Словом, был период, когда я как дизайнер-рекламщик неплохо зарабатывал – на уровне лоу-миддл-класса. Но в мире рекламы все меняется с огромной скоростью. Случилась серия кризисов, а в кризис страдает в первую очередь реклама. А главное, появились онлайн-банки иллюстраций. Уникальные фотомастера оказались без работы или стали делать потенциально востребованные снимки под заказ этих банков. Работая «по заданию», тоже, конечно, можно сделать качественный продукт. Но индустрию рекламного дизайна это изменило, способствовав ее монополизации. В частности, двух моих замечательных клиентов, которые делали светильники, купила международная корпорация Philips, а у них, естественно, собственное рекламное агентство (правда, мой архив фотографий, чертежей и рисунков Philips все же приобрел).

Обложка каталога компании ALLSCAPE Lighting. Дизайн: Владимир Паперный

Как изменилось содержание работы дизайнера?

Недавно разговаривал с одним композитором, который отказывается, сочиняя музыку, пользоваться компьютером. Объясняю ему: например, делаю я сложную рекламу – с наслоением фотографий, игрой цветами, и все это вижу на мониторе. Не надо ждать, пока проявят пленку – сразу вижу и тут же исправляю недостатки. Композитору же компьютер позволяет сразу услышать, как его музыку сыграет оркестр, и это будут не искусственно смоделированные звуки, а звучание реально записанных ранее инструментов. Рано или поздно к понимаю этого любой творческий человек приходит.

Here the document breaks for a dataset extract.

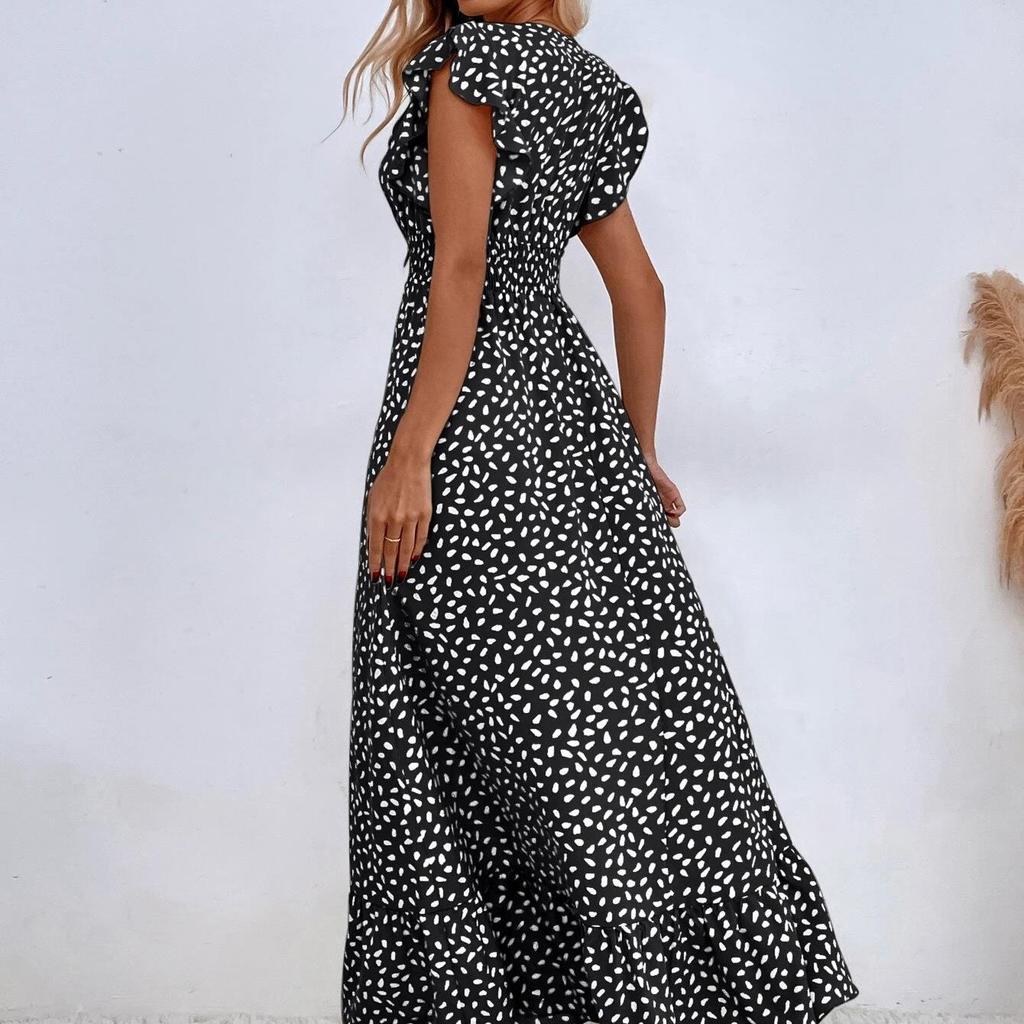 QICED Damen Frühlings- und Sommer-V-Ausschnitt Taille Voller Rock Rüschen Elegant Kleid Damen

То есть технологии не убивают творчество?

Только помогают. Другое дело, что, когда они пришли на рынок, многие компании сказали: зачем мы платим деньги дорогим дизайнерам, когда компьютер все сделает сам? И появилось огромное количество чудовищно одинаковой рекламной продукции. Кто-то радовался: наши затраты составили всего 25 долларов, а ваше агентство просило 25 миллионов. Но постепенно отношение поменялось. Особенно, когда речь идет об архитекторах, специалистах по оформлению интерьеров, а это большинство моих клиентов. Уж они-то понимают.

Хороший вкус все-таки восторжествовал?

В общем, да. Учтите еще и разницу между Америкой и Европой (первая в этом уступает). Если же говорить о России, то у нас есть очень талантливые дизайнеры, графики, архитекторы. Но, например, самые хорошие дома, чаще всего, ютятся где-то на задворках, а в центре строят черт знает что. Понятно, в центре Москвы земля дорогая. Но дайте на дорогой земле поработать хорошему архитектору!

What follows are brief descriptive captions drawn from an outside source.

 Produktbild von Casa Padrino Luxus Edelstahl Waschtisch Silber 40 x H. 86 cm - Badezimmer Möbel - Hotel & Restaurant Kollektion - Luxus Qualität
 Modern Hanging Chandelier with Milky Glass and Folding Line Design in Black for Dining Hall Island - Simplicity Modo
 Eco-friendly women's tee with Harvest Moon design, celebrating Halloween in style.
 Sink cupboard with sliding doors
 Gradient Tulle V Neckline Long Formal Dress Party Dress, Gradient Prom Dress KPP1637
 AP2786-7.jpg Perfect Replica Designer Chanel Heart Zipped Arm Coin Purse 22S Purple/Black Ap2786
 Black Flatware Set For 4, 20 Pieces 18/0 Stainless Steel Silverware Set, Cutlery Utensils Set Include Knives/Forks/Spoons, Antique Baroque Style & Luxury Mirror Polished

Может, тот, кому по карману дорогой участок, обычно не обладает хорошим вкусом?

Допускаю. Но что-то позитивное все же происходит. Знаете, как возник известный сейчас Институт «Стрелка»? Сидели несколько человек из России во время Венецианской биеннале на берегу канала и размышляли: почему в Италии все красиво, а в России – не очень? Решили создать школу, которая займется воспитанием вкуса. Тут же нашелся инвестор. Какое-то время и я там читал лекции. Те, кто в этом институте учился, делят свою жизнь на «до «Стрелки» и после «Стрелки», это обучение перевернуло сознание многих профессионалов. Уже есть поколение, которое выросло из «Стрелки», и сама «Стрелка» стала одним из популярнейших в Москве мест – в том числе и у туристов.

На Пермском экономическом форуме

А оно, это поколение, востребовано в России?

Нет. А что?

В эстетике XXI века преобладает центростремительная сила (стандартизация) или центробежная (индивидуализация)?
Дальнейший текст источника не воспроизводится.